Caffè e farmaci: un’interazione da non sottovalutare
Il caffè rappresenta una delle bevande più consumate al mondo e ha un effetto stimolante sul sistema nervoso centrale. Tuttavia, può interferire con alcuni farmaci, modificandone l’assorbimento o potenziandone gli effetti collaterali. La caffeina, infatti, può aumentare la frequenza cardiaca e la pressione, effetti controindicati se si assumono farmaci per problemi cardiaci o ansiolitici.
Inoltre, la presenza di acidi organici nel caffè può modificare il PH gastrico, influenzando la solubilità e quindi l’assorbimento di certe molecole. Alcuni farmaci, come gli antidepressivi o gli ansiolitici, possono vedere alterata la loro efficacia se assunti in concomitanza con caffè in quantità elevate.
Il vademecum della Società Italiana di Farmacologia: indicazioni per evitari rischi
Il documento pubblicato dalla Società Italiana di Farmacologia fornisce una guida chiara e dettagliata per medici, farmacisti e pazienti. Tra le raccomandazioni più importanti si segnalano:
– Evitare di assumere farmaci con pompelmo o il suo succo in quanto questo può aumentare pericolosamente la concentrazione plasmatica di diversi farmaci, inclusi alcuni calcioantagonisti, statine e immunosoppressori.
– Limitare il consumo di liquirizia durante terapie che agiscono sul sistema cardiovascolare o sul metabolismo di farmaci epatici.
– Monitorare l’assunzione di caffè in presenza di trattamenti farmacologici che possono avere effetti potenziati o ridotti dalla caffeina.
– Consultare sempre il proprio medico o farmacista prima di modificare la dieta o introdurre integratori a base di erbe, in modo da valutare possibili interazioni.
L’importanza della comunicazione tra paziente e professionista sanitario
Un aspetto cruciale per evitare effetti indesiderati è la comunicazione aperta tra paziente e professionista sanitario. Spesso i pazienti non riferiscono le proprie abitudini alimentari o il consumo di integratori, sottovalutando il potenziale impatto sulla terapia in corso. Medici e farmacisti, da parte loro, hanno il compito di informare e sensibilizzare sui rischi legati all’interazione tra cibo e farmaci.

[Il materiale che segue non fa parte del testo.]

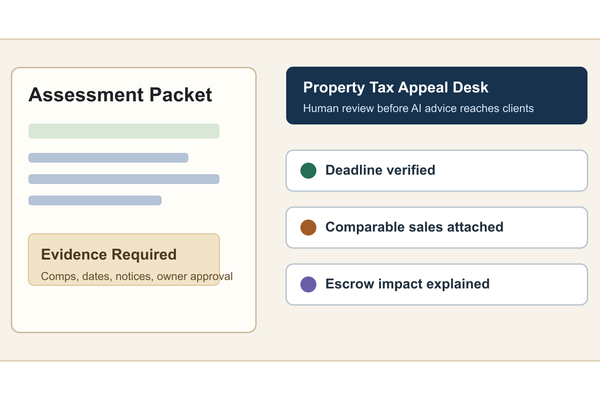 Build a Property Tax Appeal Desk Before AI Advises Homeowners - Real Estate insights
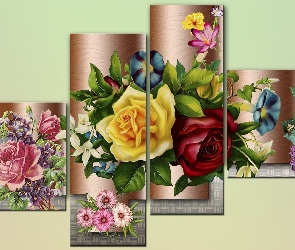 Kolorowe, Art, Róże, Dekoracja, Kwiaty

Solo in questo modo è possibile personalizzare la terapia, garantendo sicurezza ed efficacia, e migliorare la qualità della vita del paziente, riducendo il rischio di effetti collaterali e di inefficacia dei trattamenti.
In sintesi, conoscere le possibili interazioni tra alimenti come liquirizia, pompelmo e caffè e i farmaci che si assumono è fondamentale per una corretta gestione terapeutica. Occorre quindi adottare un approccio consapevole, basato sull’informazione scientifica e sul confronto continuo con i professionisti della salute.